We think that in 24-36 months, ORBC could generate $100-110mm in revenues, 55% EBITDA margins, and trade at 9x EBITDA. Additionally, what is missed by analysts is the capital structure opportunity at maturity whereby the company could add 3-4 turns of leverage to the business and pay out a special dividend. In total, we think the stock is worth $8-10 within 24 months.
It is an execution story with growing revenues, increasing operating leverage, and the potential for a higher multiple.
- Orbcomm sells satellite and terrestrial communication through a network of value added resellers. The ecosystem of 150+ VARs has developed around ORBC’s technology. These VARs design applications catered to specific markets and utilize an ORBC receiver to communicate with ORBC’s satellite network. These VARs will often mark-up the monthly fee charged by ORBC. In this sense, ORBC is a wholesaler and the VARs are retailers.
- Recurring revenue with very low churn.
- 700,000+ “subscribers” today. (Each receiver is considered a subscriber.)

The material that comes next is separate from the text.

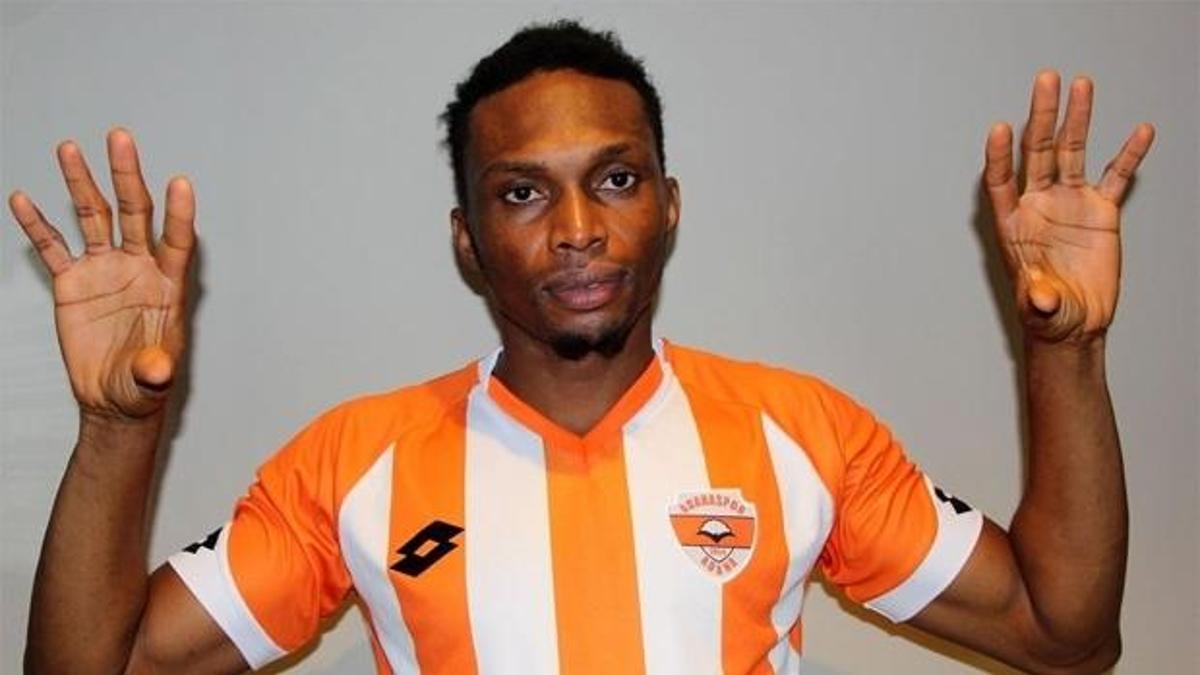Adanaspor'a 5 transfer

- Subs pay on average $5.50 per month
- VARs will often mark this up to $15-20 per month depending on the market and the application.
- Current Markets served
- Heavy Machinery:
- Catepillar, Komatsu , Hitachi, etc…
- In these markets, ORBC works directly with the OEM and (in most cases) is integrated into the assembly line.

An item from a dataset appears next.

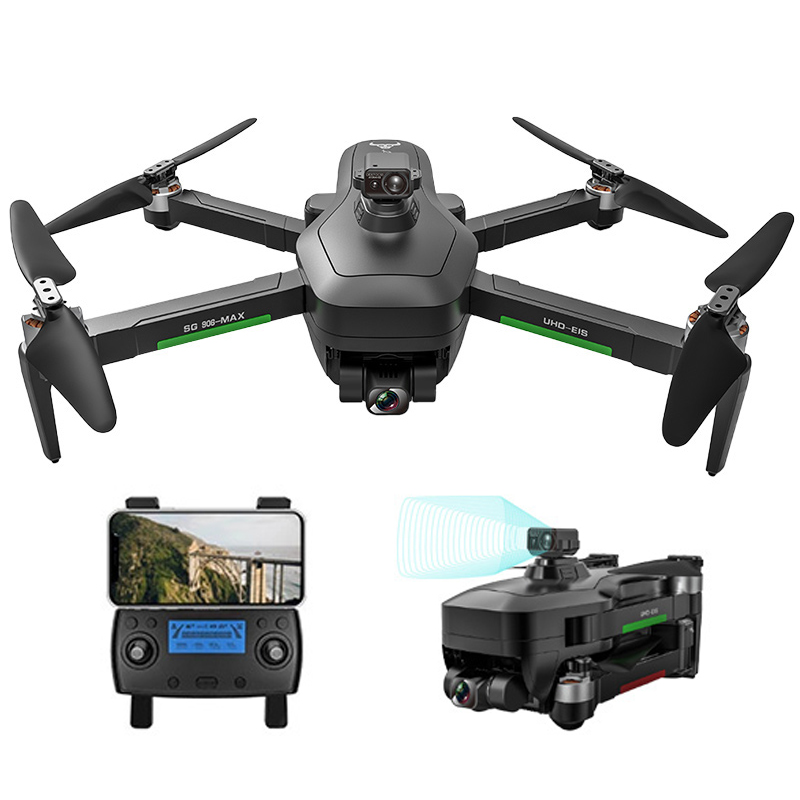 SG906 MAX1 Professional 4K Camera Drone GPS with 3 Axis Gimbal Self Stabilization 5G WiFi RC 3KM FPV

- For a nice example of a system at work check out this link: http://www.komatsuamerica.com/komtrax
- Dry Trailers - 57,000 Wal-mart trailers
- Cold Chain Distribution - 90% market share, yet market only 10% penetrated
- Vertically Integrated
- Acquired the top two VARs in the market Startrack Systems (#1 player) and PAR Logistics (#2 player)
- These acquisitions increase ARPU by moving up the value chain and capturing the retail margin as well.
- Adds engineering talent for accelerating adoption of OG2 receivers/applications for other markets.
- AIS – Automatic Information Systems
- Can track all ships above a certain size around the globe.
- Data business – sells data to Coast Guard, Bloomberg, etc…
- 100% incremental margin business (satellites are already going up for core business)
- Some Future Markets
- Security, Alarm; Weather Instrumentation; Home Metering; Drilling Rigs, Off Shore Platforms; Commercial Metering; Pipelines; Storage Tanks; Generators; In-Cab, Trucks; Rail; Recreational Ships; Containers; Military Land Vehicles
- Frost & Sullivan has estimated that there are 170mm+ pieces of equipment that could be serviced.
- Focus – Orbcomm is focused on the M2M market. The entire architecture of the business, from the network design to the marketing approach is focused on this market. For their main competitors this market is an afterthought, as they are more focused on higher ARPU markets like voice.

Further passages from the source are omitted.